→ **Input data**:

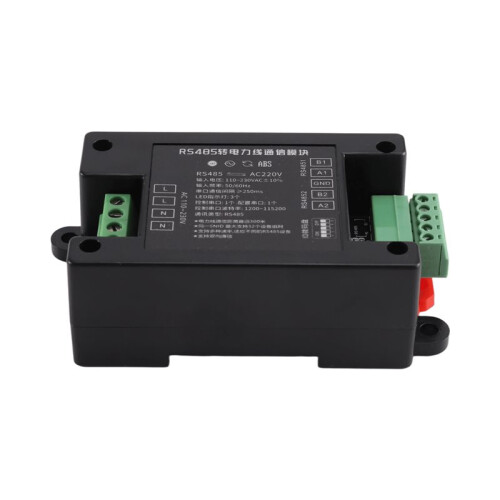 Power  Carrier to RS485 Communication Transparent Transmission Interface Module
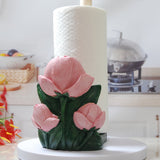 Elegante Porta Pañuelos de Resina con Forma de Capullo de Flor - Independiente, Diseño Sobre la Lata para Decoración de Baño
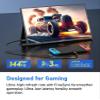 2.5K 144Hz Portable Gaming Monitor 16", 2560x1600, Plug & Play, 100% sRGB, 500nits, 16:10, Eye Care Second Computer Display with Speakers for Laptop, PC, Mac, P-S4/5, Sw-tch, X-BO, USB-C/HDMI, (K16G) view 4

→ **Work request**:
Give the listing again exactly, but omit each image.

→ **Exercise solution**:
 Power  Carrier to RS485 Communication Transparent Transmission Interface Module
 Elegante Porta Pañuelos de Resina con Forma de Capullo de Flor - Independiente, Diseño Sobre la Lata para Decoración de Baño
 2.5K 144Hz Portable Gaming Monitor 16", 2560x1600, Plug & Play, 100% sRGB, 500nits, 16:10, Eye Care Second Computer Display with Speakers for Laptop, PC, Mac, P-S4/5, Sw-tch, X-BO, USB-C/HDMI, (K16G) view 4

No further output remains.